Frost and Thomas made plans to buy farmland in the U.S. and be neighbors who lived in the woods. A dream all besties have at some point or another. The difference was, these two were serious. Frost and Thomas were debating this decision at 40 and 36 years old respectively. But before they could make a choice, news hit that England had declared War on Germany.

This affected Frost and Thomas differently. Frost decided that he should head back to the US with his family before the war came to him, and Thomas… well, he was indecisive.

It wasn’t until 1915 that either of them fully made up their minds. In the past year, Frost and Thomas’s poetic careers began to take off, making it a good time to go. But Thomas could not shake the war from his mind.

Thomas was constantly thinking about men braver than him (presumably younger too) who were fighting for his country while he wrote critiques and poetry. He still went on walks with Frost, but was becoming violent and depressed.

Frost, not fully sensing the gravity of it, decided to write Thomas a poem, called “Two Roads.” Frost called the poem a joke. It was intended for a critical eye who would look deep into its contradicting ironies and realize, “hey, wait a minute!”

Frost wanted Thomas to realize no matter which road he took, he’d always wish he took the other. Something he said to him a lot on their walks together. But, Thomas didn’t take it that way. He instead saw it as an arrow piercing his greatest insecurities.

These insecurities, it seemed, are what ended up forcing Thomas to finally make a choice. To enlist and serve, that was in 1915. Two years later, a year before the war ended, Thomas was killed in France, and Frost was heartbroken.

“Two Roads,” which is now called “The Road not Taken,” became an intense success, even outside of literary crowds. When Frost attended college lectures on it, the class took the poem very seriously and with the same emotional weight as Thomas.

Frost is one of America’s greatest poets, but he’s also one of the most misunderstood, something I can definitely attest to since I too misunderstood “The Road not Taken” and I performed it at a spoken-word poetry contest. Woops.

That of course was before I had my English degree. I could never make the same blunder after four-years of focused higher education, right?

So, when I first read North of Boston the fall after I graduated, I thought there were 4 or 5 good poems and then a lot of cloying nonsense.

I am here today to tell you I’m a fool. But, going into detail about the 18 poems in this collection isn’t my goal. Instead, I just want to spend a brief moment on “A Servant to Servants.”

Upon its release, “A Servant to Servants” didn’t receive too much critical praise. There was early recognition that it had great ideas though, namely in the line “The best way out is always through.” More attention was paid to his other works, such as “Home Burial” and “Mending Wall.”

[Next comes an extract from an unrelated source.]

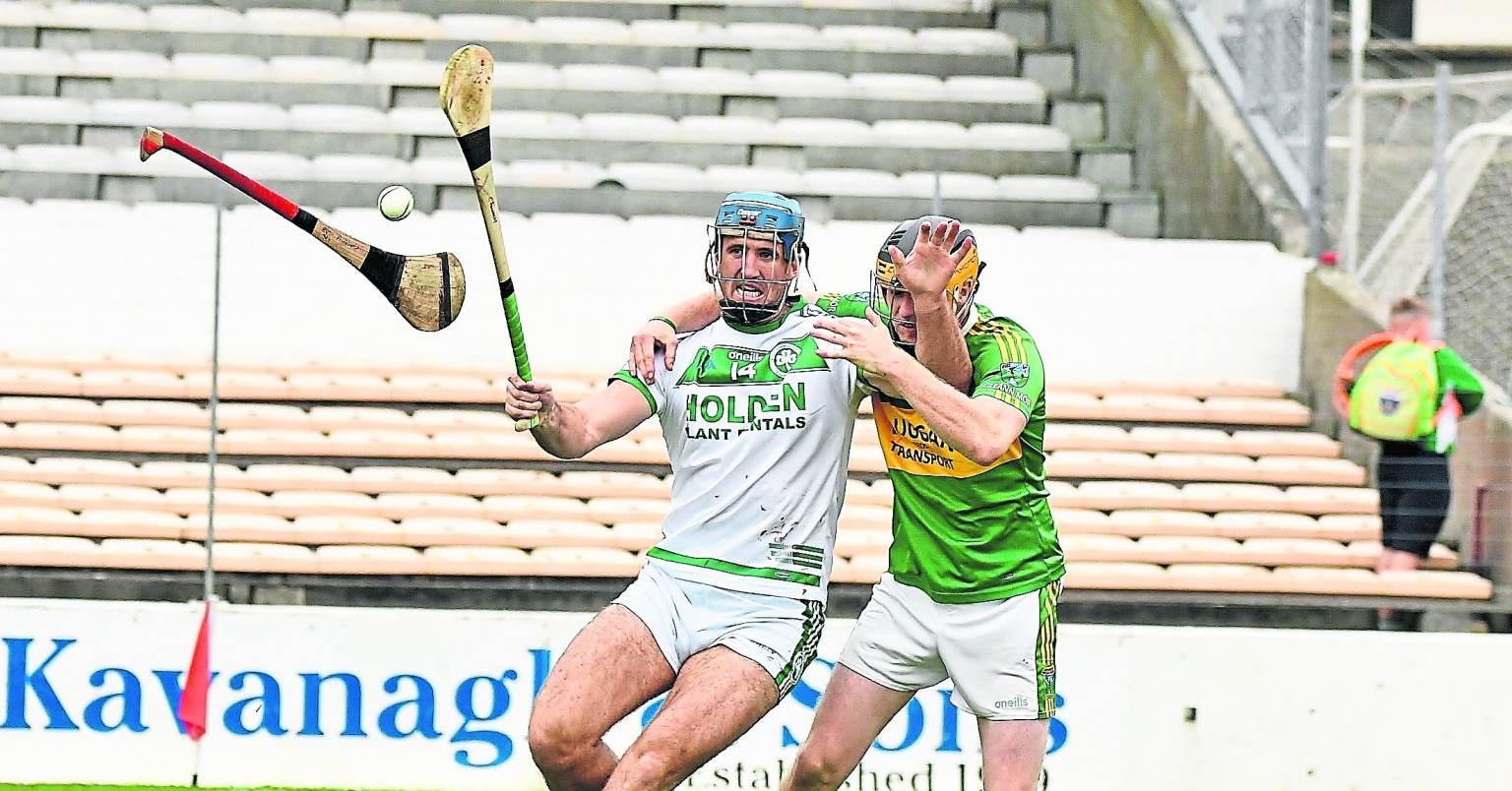 Hurls fly as Colin Fennelly and Eoin Aylward battle for the ball during Sunday’s clash in Nowlan Park.  Picture: Willie Dempsey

The poem is less poetry and more short story. The entire poem is told from the perspective of an unknown housewife who is talking to what amounts to a construction worker who is camping on her front lawn. We know very little about her except that she recently moved to a lakeside cottage with her husband, Len. Together they’ve set up a small AirBNB together and are currently hosting some men working on building out the highway.

The speaker laments that she doesn’t get a break and has been through the ringer and she just wants to have some time to rest. I should also mention that she is… blessed with the gift of gab. There’s a lot that really makes this poem for me, and I highly recommend giving it the five minutes it deserves, but there is one moment I want to unpack.

It’s in the very beginning of the poem, our speaker is telling the lawnman that with all the work she has she “can’t express [her] feelings any more” (ln 7). She goes on to say:

It’s got so I don’t even know for sure

Whether I am glad, sorry, or anything.

There’s nothing but a voice-like left inside

That seems to tell me how I ought to feel,

And would feel if I wasn’t all gone wrong.

You take the lake. I look and look at it.

I see it’s a fair, pretty sheet of water.” (ln 11-17)

This concept, this being so exhausted you don’t know how to feel, being so worn out that the beautiful lake you see everyday is reduced to a pretty sheet of water, is well, it’s something amazing to see laid out so well on paper.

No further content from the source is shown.